Türkiye’nin de üyesi olduğu Avrupa Konseyi’ne bağlı Yolsuzluğa Karşı Devletler Grubu (GRECO), milletvekilleri, hakimler ve savcılar bakımından yolsuzluğun önlenmesi hakkındaki Türkiye raporunu yayımladı.

Rapora göre Türkiye’nin tavsiyelerle uyumu “genel anlamda tatmin edici değil”.

BBC Türkçe'de yer alan habere göre Türkiye’nin Mart 2022’de hazırlanan bir önceki rapordan beri bu alanda hiçbir ilerleme göstermediğini belirten GRECO, 22 tavsiyeden yalnızca üçünün tatmin edici bir şekilde uygulandığını tespit etti.

Özellikle milletvekillerinin yolsuzluğuyla mücadeleye dikkat çeken GRECO, bu alanda tek bir tavsiyenin bile yerine getirilmediğini, milletvekillerinin mal beyanlarının doğrulanması için bir faaliyet yürütülmediğini, 2016’da gündeme gelen Milletvekillerine Yönelik Etik Davranış İlkeleri Kanun tasarısında da hiçbir ilerleme olmadığını aktardı.

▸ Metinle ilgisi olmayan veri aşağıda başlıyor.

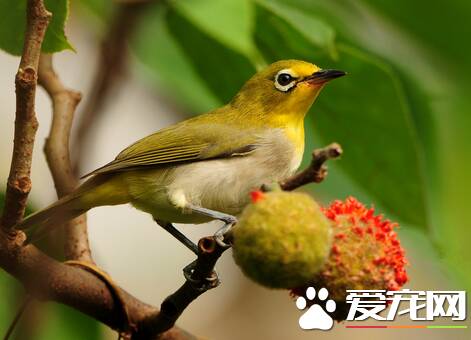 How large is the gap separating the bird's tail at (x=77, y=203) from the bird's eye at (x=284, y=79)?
0.94 m

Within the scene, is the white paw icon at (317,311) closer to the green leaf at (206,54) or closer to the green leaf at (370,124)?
the green leaf at (370,124)

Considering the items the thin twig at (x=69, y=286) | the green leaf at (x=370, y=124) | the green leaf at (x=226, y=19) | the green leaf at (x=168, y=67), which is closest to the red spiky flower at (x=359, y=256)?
the thin twig at (x=69, y=286)

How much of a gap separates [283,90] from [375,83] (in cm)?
107

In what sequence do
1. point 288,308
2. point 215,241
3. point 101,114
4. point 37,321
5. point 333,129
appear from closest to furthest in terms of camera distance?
point 215,241 < point 37,321 < point 101,114 < point 333,129 < point 288,308

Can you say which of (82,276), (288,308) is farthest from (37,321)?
(288,308)

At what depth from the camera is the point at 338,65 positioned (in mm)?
3252

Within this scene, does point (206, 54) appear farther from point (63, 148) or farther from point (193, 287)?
point (193, 287)

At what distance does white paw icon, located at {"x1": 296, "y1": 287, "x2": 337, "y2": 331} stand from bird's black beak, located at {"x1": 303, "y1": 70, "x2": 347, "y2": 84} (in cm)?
109

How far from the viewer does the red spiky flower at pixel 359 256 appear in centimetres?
228

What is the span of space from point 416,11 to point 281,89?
91cm

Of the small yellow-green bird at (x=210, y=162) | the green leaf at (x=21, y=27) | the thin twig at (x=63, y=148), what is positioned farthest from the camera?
the small yellow-green bird at (x=210, y=162)

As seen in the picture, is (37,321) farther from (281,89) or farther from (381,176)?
(281,89)

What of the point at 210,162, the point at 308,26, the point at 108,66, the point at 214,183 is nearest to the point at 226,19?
the point at 308,26

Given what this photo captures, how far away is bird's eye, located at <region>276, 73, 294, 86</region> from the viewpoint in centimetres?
402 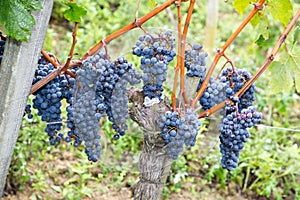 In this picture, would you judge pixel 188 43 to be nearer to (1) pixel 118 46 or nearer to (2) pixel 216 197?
(1) pixel 118 46

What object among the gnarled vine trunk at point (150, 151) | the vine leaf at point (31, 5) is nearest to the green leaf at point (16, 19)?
the vine leaf at point (31, 5)

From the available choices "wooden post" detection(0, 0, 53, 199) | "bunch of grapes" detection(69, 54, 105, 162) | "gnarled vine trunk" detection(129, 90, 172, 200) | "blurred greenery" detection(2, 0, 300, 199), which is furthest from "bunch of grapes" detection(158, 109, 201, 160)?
"blurred greenery" detection(2, 0, 300, 199)

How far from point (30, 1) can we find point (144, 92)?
0.55m

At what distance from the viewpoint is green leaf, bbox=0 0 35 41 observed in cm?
172

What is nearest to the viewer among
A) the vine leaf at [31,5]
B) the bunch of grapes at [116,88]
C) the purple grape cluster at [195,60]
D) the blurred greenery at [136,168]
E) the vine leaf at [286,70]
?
the vine leaf at [31,5]

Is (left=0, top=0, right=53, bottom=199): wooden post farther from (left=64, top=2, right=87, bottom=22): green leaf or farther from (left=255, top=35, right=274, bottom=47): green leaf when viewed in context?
(left=255, top=35, right=274, bottom=47): green leaf

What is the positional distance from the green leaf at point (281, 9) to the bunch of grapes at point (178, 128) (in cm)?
52

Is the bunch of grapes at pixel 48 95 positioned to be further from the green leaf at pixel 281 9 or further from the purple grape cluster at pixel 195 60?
the green leaf at pixel 281 9

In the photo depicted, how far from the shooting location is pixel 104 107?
79.9 inches

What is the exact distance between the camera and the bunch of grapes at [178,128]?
1.99 meters

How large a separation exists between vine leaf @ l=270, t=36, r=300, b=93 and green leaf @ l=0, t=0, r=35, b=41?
3.39ft

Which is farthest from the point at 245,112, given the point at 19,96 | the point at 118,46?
the point at 19,96

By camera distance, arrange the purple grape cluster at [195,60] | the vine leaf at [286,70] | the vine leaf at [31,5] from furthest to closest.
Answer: the vine leaf at [286,70], the purple grape cluster at [195,60], the vine leaf at [31,5]

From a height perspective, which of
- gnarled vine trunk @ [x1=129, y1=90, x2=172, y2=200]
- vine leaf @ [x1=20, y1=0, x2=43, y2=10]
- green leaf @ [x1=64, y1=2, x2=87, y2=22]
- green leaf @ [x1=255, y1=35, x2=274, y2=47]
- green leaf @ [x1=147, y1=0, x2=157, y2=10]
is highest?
green leaf @ [x1=147, y1=0, x2=157, y2=10] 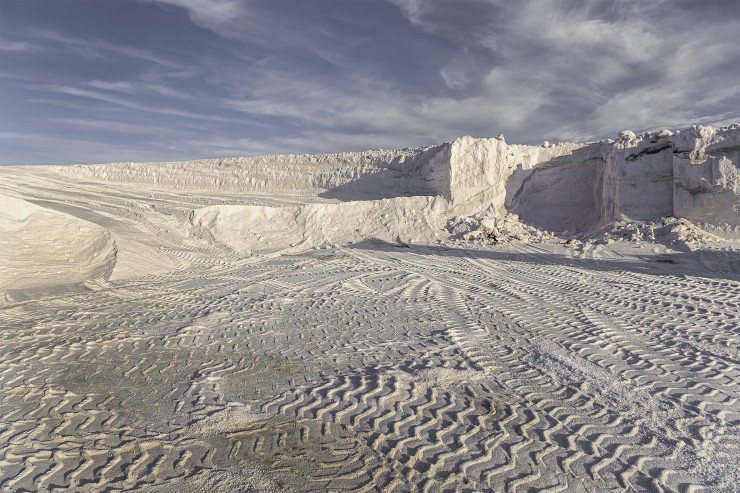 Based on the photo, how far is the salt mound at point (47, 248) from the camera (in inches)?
341

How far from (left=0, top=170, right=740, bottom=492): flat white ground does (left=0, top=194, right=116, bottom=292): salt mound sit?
0.35 meters

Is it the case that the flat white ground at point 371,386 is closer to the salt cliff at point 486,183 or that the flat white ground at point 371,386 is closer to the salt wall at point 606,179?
the salt wall at point 606,179

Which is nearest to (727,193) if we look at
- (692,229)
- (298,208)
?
(692,229)

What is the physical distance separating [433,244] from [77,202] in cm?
1451

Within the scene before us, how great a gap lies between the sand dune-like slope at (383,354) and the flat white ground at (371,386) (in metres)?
0.02

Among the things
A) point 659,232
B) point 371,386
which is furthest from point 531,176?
point 371,386

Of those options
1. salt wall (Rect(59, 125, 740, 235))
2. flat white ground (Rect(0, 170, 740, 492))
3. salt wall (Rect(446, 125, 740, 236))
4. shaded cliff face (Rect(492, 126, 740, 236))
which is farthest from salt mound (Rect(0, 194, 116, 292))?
shaded cliff face (Rect(492, 126, 740, 236))

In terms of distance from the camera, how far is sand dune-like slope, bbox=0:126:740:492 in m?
3.03

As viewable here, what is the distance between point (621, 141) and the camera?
1628 centimetres

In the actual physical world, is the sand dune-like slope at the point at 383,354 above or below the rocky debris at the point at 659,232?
below

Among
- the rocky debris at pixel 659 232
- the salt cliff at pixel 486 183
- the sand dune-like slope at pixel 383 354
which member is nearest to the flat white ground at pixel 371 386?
the sand dune-like slope at pixel 383 354

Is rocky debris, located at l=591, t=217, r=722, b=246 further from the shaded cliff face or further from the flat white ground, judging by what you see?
the flat white ground

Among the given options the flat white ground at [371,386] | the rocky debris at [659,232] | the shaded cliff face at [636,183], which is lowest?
the flat white ground at [371,386]

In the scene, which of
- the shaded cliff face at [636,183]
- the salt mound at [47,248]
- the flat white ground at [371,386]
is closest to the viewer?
the flat white ground at [371,386] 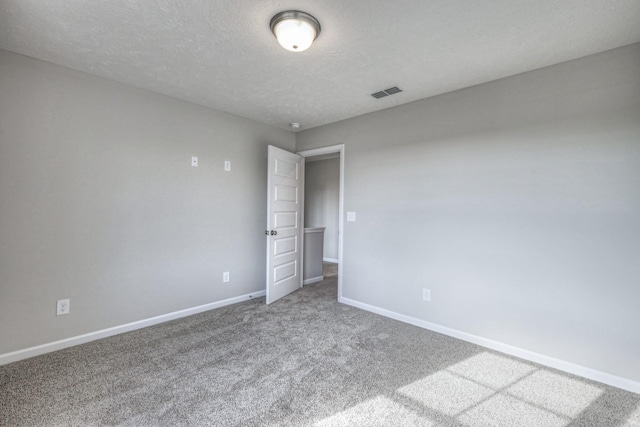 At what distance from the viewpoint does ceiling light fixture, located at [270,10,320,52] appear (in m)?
1.78

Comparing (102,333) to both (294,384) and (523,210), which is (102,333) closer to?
A: (294,384)

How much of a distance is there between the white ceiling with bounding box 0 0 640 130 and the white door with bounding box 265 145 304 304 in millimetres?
1238

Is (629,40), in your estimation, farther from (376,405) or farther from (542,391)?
(376,405)

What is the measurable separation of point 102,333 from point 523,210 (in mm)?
4011

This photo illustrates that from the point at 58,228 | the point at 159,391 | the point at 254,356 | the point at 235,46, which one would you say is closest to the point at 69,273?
the point at 58,228

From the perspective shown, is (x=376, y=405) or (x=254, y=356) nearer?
(x=376, y=405)

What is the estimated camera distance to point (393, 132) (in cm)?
334

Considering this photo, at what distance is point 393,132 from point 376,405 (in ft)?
8.88

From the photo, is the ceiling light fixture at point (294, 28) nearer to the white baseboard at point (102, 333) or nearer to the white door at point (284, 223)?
the white door at point (284, 223)

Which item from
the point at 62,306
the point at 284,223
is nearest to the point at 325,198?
the point at 284,223

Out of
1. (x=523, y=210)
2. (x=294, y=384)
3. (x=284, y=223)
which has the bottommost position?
(x=294, y=384)

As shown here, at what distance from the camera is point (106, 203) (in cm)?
272

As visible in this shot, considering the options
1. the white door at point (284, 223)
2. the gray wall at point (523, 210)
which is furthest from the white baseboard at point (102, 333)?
the gray wall at point (523, 210)

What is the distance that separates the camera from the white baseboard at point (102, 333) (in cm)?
230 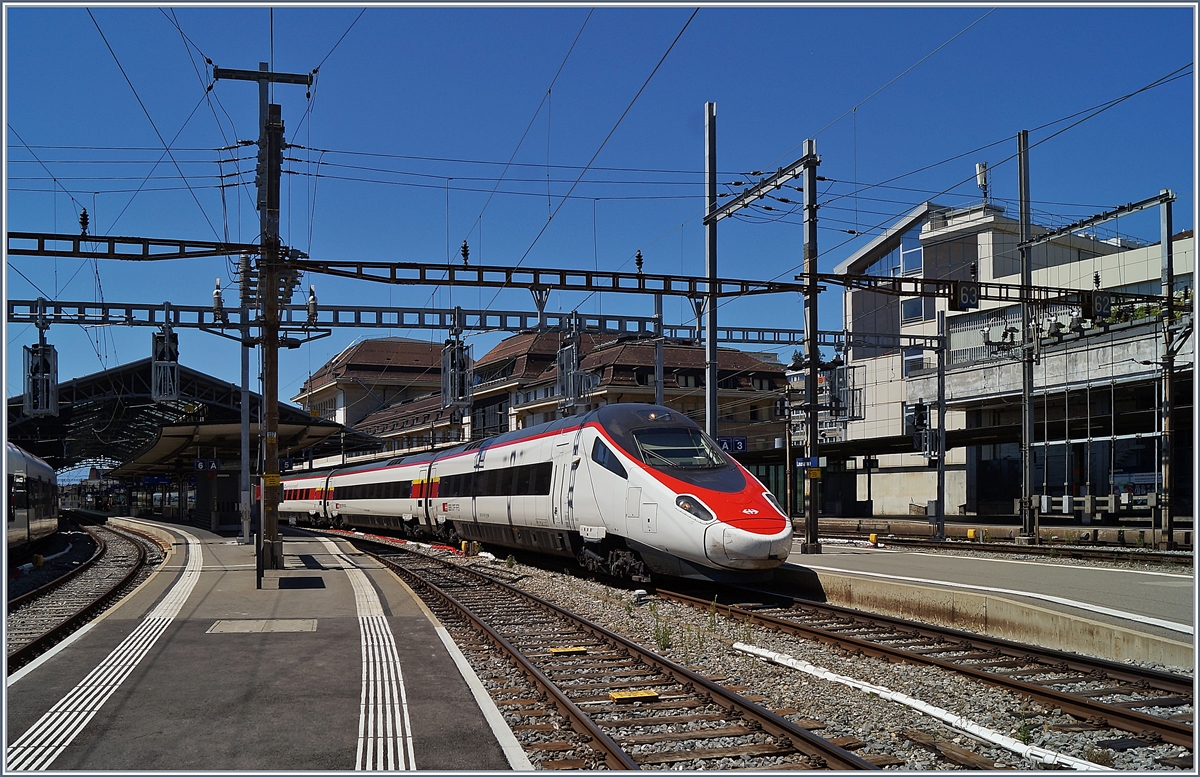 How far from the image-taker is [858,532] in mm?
38656

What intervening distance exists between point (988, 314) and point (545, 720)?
134 ft

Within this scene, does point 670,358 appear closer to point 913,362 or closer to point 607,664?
point 913,362

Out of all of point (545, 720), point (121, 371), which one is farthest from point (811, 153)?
point (121, 371)

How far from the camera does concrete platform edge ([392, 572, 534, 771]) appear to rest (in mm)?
6520

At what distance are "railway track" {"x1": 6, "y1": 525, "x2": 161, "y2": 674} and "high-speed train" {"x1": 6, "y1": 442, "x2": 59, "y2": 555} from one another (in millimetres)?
1541

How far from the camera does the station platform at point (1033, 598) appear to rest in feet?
33.1

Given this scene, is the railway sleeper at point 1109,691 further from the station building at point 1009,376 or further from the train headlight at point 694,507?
the station building at point 1009,376

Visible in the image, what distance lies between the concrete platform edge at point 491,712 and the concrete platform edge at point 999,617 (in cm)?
618

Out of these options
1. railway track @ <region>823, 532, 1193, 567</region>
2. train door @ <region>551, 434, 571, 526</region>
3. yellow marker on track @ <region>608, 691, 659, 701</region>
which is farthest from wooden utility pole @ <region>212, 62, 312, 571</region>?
railway track @ <region>823, 532, 1193, 567</region>

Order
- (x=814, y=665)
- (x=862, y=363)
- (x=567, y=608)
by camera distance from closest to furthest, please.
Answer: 1. (x=814, y=665)
2. (x=567, y=608)
3. (x=862, y=363)

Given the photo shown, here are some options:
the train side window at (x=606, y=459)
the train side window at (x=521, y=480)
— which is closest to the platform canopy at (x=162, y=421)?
the train side window at (x=521, y=480)

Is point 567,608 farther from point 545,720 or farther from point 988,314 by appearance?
point 988,314

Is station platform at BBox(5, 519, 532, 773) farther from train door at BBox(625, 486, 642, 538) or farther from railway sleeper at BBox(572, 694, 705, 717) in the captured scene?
train door at BBox(625, 486, 642, 538)

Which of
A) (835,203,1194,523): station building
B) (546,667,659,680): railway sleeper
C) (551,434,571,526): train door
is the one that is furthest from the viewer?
(835,203,1194,523): station building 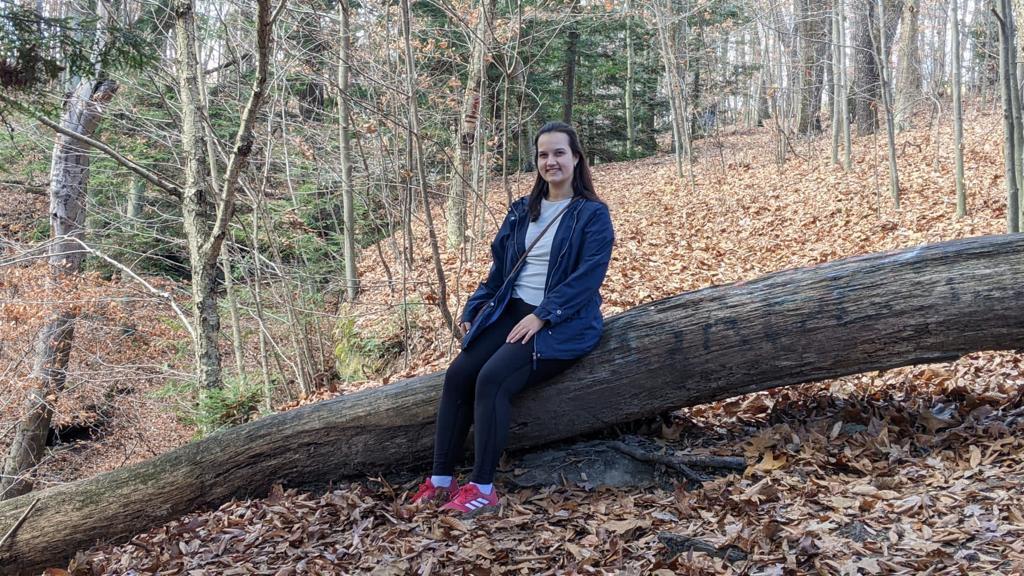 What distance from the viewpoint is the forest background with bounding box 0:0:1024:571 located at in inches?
174

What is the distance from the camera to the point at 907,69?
16.9m

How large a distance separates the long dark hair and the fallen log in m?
0.77

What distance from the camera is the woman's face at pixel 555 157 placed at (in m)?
3.84

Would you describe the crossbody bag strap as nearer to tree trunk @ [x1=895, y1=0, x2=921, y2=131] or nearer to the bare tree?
the bare tree

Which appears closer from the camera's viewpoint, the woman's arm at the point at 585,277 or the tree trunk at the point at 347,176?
the woman's arm at the point at 585,277

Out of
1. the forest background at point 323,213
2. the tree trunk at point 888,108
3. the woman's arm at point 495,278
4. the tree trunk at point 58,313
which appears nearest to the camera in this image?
the woman's arm at point 495,278

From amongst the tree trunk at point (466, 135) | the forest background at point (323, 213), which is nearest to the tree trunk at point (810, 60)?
the forest background at point (323, 213)

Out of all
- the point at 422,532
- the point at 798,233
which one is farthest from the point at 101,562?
the point at 798,233

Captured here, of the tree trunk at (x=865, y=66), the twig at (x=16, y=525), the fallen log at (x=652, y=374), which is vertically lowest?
the twig at (x=16, y=525)

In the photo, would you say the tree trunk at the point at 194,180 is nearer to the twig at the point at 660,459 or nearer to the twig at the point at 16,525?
the twig at the point at 16,525

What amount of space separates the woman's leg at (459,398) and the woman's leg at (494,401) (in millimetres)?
101

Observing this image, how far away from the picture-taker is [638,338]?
4031 millimetres

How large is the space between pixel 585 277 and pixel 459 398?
0.91 meters

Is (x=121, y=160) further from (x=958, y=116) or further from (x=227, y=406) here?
(x=958, y=116) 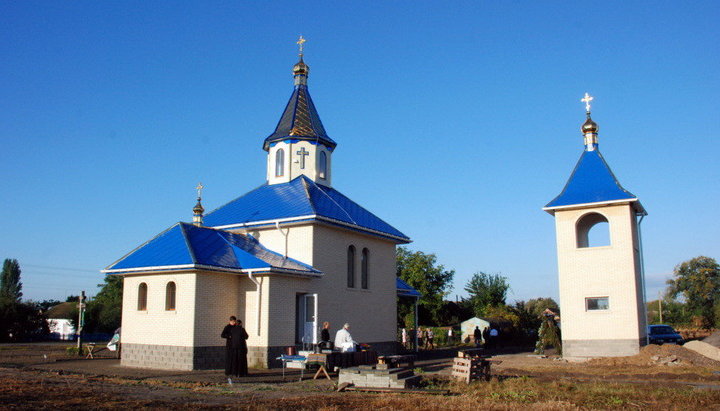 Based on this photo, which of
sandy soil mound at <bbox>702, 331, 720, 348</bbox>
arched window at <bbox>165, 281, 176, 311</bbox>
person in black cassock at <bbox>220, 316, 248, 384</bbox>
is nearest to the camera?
person in black cassock at <bbox>220, 316, 248, 384</bbox>

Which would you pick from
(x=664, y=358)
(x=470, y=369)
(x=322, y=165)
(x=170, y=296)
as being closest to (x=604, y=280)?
(x=664, y=358)

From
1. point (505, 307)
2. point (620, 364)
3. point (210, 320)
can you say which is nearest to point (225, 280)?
point (210, 320)

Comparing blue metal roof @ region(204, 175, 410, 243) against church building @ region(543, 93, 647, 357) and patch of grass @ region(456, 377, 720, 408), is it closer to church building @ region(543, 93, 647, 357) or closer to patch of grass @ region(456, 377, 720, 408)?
church building @ region(543, 93, 647, 357)

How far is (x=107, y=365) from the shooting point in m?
18.1

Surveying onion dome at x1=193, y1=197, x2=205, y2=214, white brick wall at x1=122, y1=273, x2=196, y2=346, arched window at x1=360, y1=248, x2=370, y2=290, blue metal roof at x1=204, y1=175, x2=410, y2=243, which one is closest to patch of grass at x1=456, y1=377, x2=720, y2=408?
white brick wall at x1=122, y1=273, x2=196, y2=346

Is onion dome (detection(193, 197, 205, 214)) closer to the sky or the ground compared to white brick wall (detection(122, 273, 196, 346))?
closer to the sky

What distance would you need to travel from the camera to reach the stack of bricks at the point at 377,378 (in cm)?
1253

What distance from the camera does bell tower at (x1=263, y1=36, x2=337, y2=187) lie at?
77.2ft

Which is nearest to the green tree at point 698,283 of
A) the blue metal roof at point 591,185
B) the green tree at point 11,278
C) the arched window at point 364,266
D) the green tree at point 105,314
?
the blue metal roof at point 591,185

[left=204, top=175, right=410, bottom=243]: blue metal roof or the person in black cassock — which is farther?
[left=204, top=175, right=410, bottom=243]: blue metal roof

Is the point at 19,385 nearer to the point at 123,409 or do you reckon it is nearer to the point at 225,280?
the point at 123,409

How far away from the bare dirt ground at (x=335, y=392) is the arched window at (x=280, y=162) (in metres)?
8.92

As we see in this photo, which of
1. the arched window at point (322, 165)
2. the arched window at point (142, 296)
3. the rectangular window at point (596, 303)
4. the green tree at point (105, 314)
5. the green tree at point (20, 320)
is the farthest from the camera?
the green tree at point (105, 314)

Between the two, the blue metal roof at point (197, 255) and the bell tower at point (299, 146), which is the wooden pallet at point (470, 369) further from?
the bell tower at point (299, 146)
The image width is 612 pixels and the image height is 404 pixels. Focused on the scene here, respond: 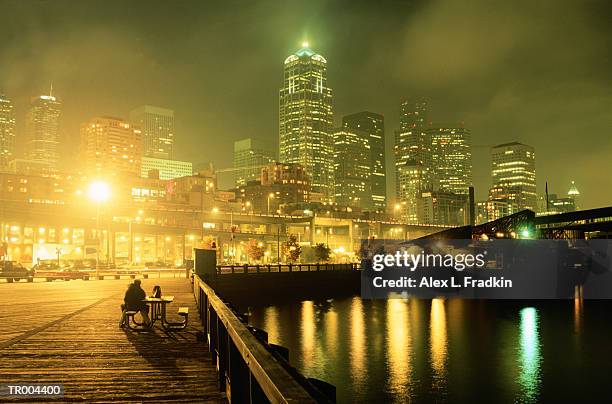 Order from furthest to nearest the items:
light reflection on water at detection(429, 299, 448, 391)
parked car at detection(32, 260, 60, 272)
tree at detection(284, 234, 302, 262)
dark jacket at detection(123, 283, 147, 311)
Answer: tree at detection(284, 234, 302, 262) → parked car at detection(32, 260, 60, 272) → light reflection on water at detection(429, 299, 448, 391) → dark jacket at detection(123, 283, 147, 311)

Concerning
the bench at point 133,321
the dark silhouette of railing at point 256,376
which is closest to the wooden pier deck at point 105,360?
the bench at point 133,321

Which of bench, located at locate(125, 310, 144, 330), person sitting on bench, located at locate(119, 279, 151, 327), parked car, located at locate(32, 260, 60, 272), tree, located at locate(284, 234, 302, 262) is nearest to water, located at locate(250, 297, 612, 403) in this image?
bench, located at locate(125, 310, 144, 330)

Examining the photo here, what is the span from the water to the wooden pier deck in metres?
11.7

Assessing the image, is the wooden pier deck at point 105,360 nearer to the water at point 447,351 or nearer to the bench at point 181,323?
the bench at point 181,323

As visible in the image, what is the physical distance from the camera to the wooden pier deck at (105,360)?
9.03m

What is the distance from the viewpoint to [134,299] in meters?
16.9

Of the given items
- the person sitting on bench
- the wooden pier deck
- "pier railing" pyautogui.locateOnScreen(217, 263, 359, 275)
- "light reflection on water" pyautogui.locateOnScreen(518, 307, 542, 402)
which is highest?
the person sitting on bench

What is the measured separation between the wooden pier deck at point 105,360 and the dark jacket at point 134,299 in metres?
0.77

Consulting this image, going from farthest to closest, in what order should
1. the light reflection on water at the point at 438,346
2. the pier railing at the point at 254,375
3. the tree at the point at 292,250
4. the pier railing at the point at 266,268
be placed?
1. the tree at the point at 292,250
2. the pier railing at the point at 266,268
3. the light reflection on water at the point at 438,346
4. the pier railing at the point at 254,375

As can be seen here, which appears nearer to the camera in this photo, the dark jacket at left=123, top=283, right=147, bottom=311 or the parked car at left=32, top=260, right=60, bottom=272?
the dark jacket at left=123, top=283, right=147, bottom=311

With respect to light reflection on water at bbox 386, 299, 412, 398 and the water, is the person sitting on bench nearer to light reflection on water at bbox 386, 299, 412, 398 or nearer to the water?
the water

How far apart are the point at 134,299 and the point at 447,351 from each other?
81.5 ft

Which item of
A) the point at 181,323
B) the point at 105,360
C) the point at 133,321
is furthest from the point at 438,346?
the point at 105,360

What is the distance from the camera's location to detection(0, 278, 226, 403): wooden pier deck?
9031 millimetres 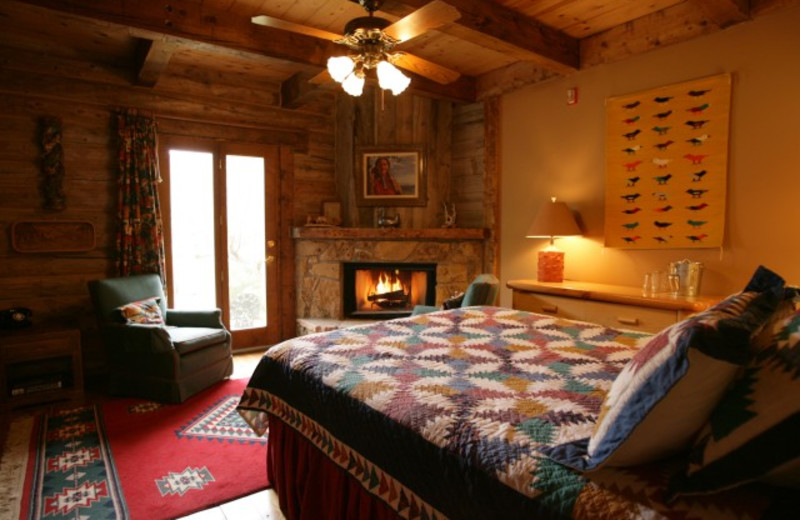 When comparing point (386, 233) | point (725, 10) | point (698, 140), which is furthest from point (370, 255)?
point (725, 10)

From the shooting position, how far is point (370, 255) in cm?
477

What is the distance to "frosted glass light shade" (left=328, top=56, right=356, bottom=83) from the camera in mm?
2432

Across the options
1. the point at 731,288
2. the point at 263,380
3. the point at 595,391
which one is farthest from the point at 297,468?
the point at 731,288

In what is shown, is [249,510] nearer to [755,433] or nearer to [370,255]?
[755,433]

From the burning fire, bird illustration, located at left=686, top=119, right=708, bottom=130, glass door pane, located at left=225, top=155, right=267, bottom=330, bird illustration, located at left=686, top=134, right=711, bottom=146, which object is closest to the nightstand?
bird illustration, located at left=686, top=134, right=711, bottom=146

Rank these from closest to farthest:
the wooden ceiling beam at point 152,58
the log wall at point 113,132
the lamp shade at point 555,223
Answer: the wooden ceiling beam at point 152,58, the log wall at point 113,132, the lamp shade at point 555,223

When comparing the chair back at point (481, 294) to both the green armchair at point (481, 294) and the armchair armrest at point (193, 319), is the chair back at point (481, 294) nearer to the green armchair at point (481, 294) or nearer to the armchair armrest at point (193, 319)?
the green armchair at point (481, 294)

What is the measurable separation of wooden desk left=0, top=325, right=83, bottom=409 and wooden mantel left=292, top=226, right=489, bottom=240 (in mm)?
2164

Fırat Kalkanı ve Zeytin Dalı bölgelerinde 5 PKK'lı terörist öldürüldü Fırat Kalkanı ve Zeytin Dalı bölgelerinde 5 PKK'lı terörist öldürüldü

Hakim ve savcılarla ilgili üç tavsiyesinin dikkate alınmasını olumlu bulan GRECO, bu alana dair incelemesinin devamında önemli eksikler de tespit etti:

“GRECO, Hâkimler ve Savcılar Kurulu’nun (HSK), Avrupa standartlarına uymayan yapısını değiştirmek için şimdiye kadar hiçbir tedbirin alınmamış olduğunu kaydeder.

“Yargı mensuplarının görev yerlerinin rızaları dışında değiştirilmesi de, ivedilikle ele alınması gereken bir meseledir.”

Grup, Türkiye’den 30 Haziran 2024’e kadar bu eksiklikleri gidermek için atılan adımlara dair bir rapor talep etti.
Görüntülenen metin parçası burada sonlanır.